Problem description: Every line of the data is to be output verbatim.

Records supplied:
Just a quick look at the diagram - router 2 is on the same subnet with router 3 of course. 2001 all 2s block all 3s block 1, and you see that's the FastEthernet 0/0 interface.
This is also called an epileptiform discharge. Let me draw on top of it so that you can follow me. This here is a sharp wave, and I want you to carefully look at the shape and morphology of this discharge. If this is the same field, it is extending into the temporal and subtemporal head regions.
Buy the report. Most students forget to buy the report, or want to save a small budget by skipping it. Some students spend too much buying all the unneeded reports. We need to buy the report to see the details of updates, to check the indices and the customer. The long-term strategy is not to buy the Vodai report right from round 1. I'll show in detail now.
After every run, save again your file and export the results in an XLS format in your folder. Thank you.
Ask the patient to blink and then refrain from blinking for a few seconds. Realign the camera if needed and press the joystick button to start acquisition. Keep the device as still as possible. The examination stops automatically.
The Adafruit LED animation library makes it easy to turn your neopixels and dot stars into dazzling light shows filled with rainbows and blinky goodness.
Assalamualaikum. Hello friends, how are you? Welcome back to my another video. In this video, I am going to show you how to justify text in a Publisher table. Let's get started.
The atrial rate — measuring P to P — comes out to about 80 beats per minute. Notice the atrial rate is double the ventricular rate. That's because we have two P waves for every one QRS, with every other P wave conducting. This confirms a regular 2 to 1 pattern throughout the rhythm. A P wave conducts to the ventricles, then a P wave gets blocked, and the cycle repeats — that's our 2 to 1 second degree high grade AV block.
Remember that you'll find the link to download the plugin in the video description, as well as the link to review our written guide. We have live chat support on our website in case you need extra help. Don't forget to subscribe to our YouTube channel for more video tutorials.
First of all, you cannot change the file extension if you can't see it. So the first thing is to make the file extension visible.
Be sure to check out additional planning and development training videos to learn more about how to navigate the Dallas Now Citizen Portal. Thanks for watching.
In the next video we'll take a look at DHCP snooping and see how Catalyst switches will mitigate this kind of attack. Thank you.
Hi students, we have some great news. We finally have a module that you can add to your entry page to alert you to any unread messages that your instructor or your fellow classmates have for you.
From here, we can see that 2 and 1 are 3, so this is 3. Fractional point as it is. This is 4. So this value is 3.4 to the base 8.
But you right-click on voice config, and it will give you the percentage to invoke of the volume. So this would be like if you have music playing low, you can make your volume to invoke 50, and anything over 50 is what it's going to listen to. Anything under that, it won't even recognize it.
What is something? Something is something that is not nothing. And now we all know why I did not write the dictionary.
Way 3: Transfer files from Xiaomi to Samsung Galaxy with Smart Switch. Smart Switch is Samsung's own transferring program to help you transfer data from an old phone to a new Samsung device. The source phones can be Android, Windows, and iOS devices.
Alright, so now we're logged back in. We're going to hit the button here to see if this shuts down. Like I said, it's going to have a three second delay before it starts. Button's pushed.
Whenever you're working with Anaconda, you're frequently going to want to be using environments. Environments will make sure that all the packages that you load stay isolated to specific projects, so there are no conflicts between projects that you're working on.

Solution to the exercise:
Just a quick look at the diagram - router 2 is on the same subnet with router 3 of course. 2001 all 2s block all 3s block 1, and you see that's the FastEthernet 0/0 interface.
This is also called an epileptiform discharge. Let me draw on top of it so that you can follow me. This here is a sharp wave, and I want you to carefully look at the shape and morphology of this discharge. If this is the same field, it is extending into the temporal and subtemporal head regions.
Buy the report. Most students forget to buy the report, or want to save a small budget by skipping it. Some students spend too much buying all the unneeded reports. We need to buy the report to see the details of updates, to check the indices and the customer. The long-term strategy is not to buy the Vodai report right from round 1. I'll show in detail now.
After every run, save again your file and export the results in an XLS format in your folder. Thank you.
Ask the patient to blink and then refrain from blinking for a few seconds. Realign the camera if needed and press the joystick button to start acquisition. Keep the device as still as possible. The examination stops automatically.
The Adafruit LED animation library makes it easy to turn your neopixels and dot stars into dazzling light shows filled with rainbows and blinky goodness.
Assalamualaikum. Hello friends, how are you? Welcome back to my another video. In this video, I am going to show you how to justify text in a Publisher table. Let's get started.
The atrial rate — measuring P to P — comes out to about 80 beats per minute. Notice the atrial rate is double the ventricular rate. That's because we have two P waves for every one QRS, with every other P wave conducting. This confirms a regular 2 to 1 pattern throughout the rhythm. A P wave conducts to the ventricles, then a P wave gets blocked, and the cycle repeats — that's our 2 to 1 second degree high grade AV block.
Remember that you'll find the link to download the plugin in the video description, as well as the link to review our written guide. We have live chat support on our website in case you need extra help. Don't forget to subscribe to our YouTube channel for more video tutorials.
First of all, you cannot change the file extension if you can't see it. So the first thing is to make the file extension visible.
Be sure to check out additional planning and development training videos to learn more about how to navigate the Dallas Now Citizen Portal. Thanks for watching.
In the next video we'll take a look at DHCP snooping and see how Catalyst switches will mitigate this kind of attack. Thank you.
Hi students, we have some great news. We finally have a module that you can add to your entry page to alert you to any unread messages that your instructor or your fellow classmates have for you.
From here, we can see that 2 and 1 are 3, so this is 3. Fractional point as it is. This is 4. So this value is 3.4 to the base 8.
But you right-click on voice config, and it will give you the percentage to invoke of the volume. So this would be like if you have music playing low, you can make your volume to invoke 50, and anything over 50 is what it's going to listen to. Anything under that, it won't even recognize it.
What is something? Something is something that is not nothing. And now we all know why I did not write the dictionary.
Way 3: Transfer files from Xiaomi to Samsung Galaxy with Smart Switch. Smart Switch is Samsung's own transferring program to help you transfer data from an old phone to a new Samsung device. The source phones can be Android, Windows, and iOS devices.
Alright, so now we're logged back in. We're going to hit the button here to see if this shuts down. Like I said, it's going to have a three second delay before it starts. Button's pushed.
Whenever you're working with Anaconda, you're frequently going to want to be using environments. Environments will make sure that all the packages that you load stay isolated to specific projects, so there are no conflicts between projects that you're working on.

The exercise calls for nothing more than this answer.